Das wäre mein wichtigster Tipp: Die Chefs und Chefinnen erfahren zu lassen, dass wir alle digitaler sind, als wir gemeinhin annehmen. Und dass der Schulterschluss der unterschiedlichen digitalen Generationen eher zum Ziel führt als die kurzgreifende Fokussierung auf die Digital Natives, weil die ja angeblich alles kennen und können, was digital ist. Wenn die lange aufgebauten digitalen Kompetenzen der Scharnier-Generation X, die Branchen- und Fachkenntnis der Baby Boomer und der eher spielerische Umgang mit neuen digitalen Instrumenten der Generationen Y und Z kombiniert werden – dann klappt’s auch mit der Transformation.
Mein Fazit
Die digitale Biografie ist ein Teil von uns und damit auch von Vorgesetzten und Führungskräften. Wenn es also um die Implementierung von Social Media und oder eines Unternehmensblogs geht und die Führung dagegen stimmt, hat das oft etwas mit dem digitalen Hintergrund zu tun. Wer den Nutzen für sich nicht erkennt und Argumenten gegenüber nicht aufgeschlossen ist, der wird sich schwertun, sich sachlich mit dem Thema zu beschäftigen.
Meine Empfehlung lautet daher: dranbleiben, immer wieder Beispiele aufzeigen und sich Unterstützung holen. Denn Fakt ist: Das Netz geht nicht mehr weg, und es wäre sinnvoll, die Möglichkeiten zu nutzen. Der Mitbewerber tut es auch.

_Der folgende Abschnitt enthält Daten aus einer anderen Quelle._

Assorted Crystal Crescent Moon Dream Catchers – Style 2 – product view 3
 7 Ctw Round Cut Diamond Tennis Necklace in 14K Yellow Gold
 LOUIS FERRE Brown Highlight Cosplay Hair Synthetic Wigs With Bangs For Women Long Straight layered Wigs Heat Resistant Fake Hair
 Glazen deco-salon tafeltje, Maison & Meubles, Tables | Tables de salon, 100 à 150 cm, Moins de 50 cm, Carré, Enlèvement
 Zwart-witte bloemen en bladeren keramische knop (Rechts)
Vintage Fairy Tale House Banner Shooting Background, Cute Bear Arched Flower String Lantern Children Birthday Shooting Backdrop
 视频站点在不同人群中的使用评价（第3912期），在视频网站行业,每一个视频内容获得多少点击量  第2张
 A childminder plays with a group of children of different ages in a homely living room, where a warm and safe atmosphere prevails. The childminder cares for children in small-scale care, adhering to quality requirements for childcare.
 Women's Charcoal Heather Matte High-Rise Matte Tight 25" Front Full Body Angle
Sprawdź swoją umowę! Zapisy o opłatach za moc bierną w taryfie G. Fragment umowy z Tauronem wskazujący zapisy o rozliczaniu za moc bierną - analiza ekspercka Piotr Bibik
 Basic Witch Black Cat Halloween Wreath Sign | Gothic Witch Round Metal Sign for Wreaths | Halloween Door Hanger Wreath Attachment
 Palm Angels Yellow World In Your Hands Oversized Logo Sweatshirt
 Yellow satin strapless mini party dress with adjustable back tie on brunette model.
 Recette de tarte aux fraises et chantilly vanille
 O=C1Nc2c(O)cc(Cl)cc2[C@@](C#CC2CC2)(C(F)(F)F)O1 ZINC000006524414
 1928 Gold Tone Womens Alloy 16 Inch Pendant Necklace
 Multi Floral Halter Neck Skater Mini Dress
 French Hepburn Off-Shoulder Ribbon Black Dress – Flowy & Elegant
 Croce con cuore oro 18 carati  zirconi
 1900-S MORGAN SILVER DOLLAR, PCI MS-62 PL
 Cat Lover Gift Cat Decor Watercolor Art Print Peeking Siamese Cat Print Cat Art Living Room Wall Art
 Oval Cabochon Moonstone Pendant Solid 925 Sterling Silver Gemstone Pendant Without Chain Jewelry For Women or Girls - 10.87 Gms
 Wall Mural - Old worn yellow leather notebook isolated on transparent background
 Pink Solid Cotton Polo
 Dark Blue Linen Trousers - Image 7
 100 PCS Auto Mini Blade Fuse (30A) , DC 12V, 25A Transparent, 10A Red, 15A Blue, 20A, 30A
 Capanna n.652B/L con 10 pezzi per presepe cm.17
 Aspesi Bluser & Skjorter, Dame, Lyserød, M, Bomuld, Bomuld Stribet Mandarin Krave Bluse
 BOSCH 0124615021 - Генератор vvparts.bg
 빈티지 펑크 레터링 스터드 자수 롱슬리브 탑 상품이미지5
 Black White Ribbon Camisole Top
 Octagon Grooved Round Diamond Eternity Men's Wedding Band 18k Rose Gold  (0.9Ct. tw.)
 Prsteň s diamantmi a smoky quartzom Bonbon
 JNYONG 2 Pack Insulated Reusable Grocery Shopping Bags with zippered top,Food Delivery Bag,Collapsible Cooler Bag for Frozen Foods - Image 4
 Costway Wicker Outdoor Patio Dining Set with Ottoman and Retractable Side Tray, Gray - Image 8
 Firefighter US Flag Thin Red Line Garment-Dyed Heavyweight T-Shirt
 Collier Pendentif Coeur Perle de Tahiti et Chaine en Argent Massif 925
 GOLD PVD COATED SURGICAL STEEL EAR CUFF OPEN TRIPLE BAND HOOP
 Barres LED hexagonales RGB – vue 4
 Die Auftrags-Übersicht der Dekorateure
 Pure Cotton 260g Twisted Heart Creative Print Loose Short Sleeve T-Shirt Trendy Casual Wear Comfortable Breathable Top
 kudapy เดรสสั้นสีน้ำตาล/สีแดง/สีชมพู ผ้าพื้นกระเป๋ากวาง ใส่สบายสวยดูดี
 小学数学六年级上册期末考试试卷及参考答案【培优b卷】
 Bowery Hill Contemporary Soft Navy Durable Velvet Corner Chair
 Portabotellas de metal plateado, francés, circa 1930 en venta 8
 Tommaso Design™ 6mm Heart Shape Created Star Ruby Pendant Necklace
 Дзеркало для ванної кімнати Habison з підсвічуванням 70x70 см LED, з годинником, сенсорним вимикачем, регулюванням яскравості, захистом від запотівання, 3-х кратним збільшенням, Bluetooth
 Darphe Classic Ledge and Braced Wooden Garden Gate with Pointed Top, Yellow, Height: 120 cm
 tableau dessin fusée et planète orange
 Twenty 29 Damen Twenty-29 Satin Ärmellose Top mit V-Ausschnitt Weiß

PS: Wer Interesse hat zum Filialmanagmenttag SPEZIAL zu kommen und Lust hat über den Branchentellerrand zu gucken, der kann noch Karten erwerben. Neben Kai Heddergott sind noch Christiane Brandes-Visbeck zum Thema Digital Leadership und Tobias Müller aka „Der Kuchenbäcker“ zum Thema Blogger Relations dabei.
„Dass Bewährtes die Grundlage gerade für Veränderungsprozesse sein kann, wird nicht immer erkannt.“ DAS ist ein enormes Problem, finde ich auch und erlebe ich tagtäglich. Super Denkanstoß Daniela, habe mich lange nicht mehr so mit dem Thema auseinandergesetzt. Danke!
Hi Nadine,
danke für dein Feedback und Lob! Ich freue mich sehr, dass das Interview zum Nachdenken angeregt hat. Damit hat der Beitrag sein Ziel schon erreicht.
Viele Grüße
Daniela
Ich finde die Idee cool. Wenn man was mit Hammer und Nägeln baut, dann kann man nachher zeigen, was man getan hat. Auf digitaler Ebene ist das manchmal schwer. Von daher ein gutes Konzept! Weiter so!
Danke!
Ein guter Beitrag, den ich gerne auf XING und LinkedIn teile. Schöne Grüße, Monika
Hallo Monika,
das freut mich sehr! Vielen lieben Dank! : )
Ich finde die Idee cool!
mache ich sicher auch=)
Man sagt DER Blog oder DAS Logbuch. Nur weil „Blog“ sich von „Logbuch“ ableitet, ist es nicht automatisch mit DAS assoziiert.
Hallo Bernd,
der Duden sagt, dass beides richtig ist. Innerhalb der fachlichen Filterblase ist es DAS Blog und das ist für mich relevant. Entsprechend behalte ich diese Bezeichnung bei.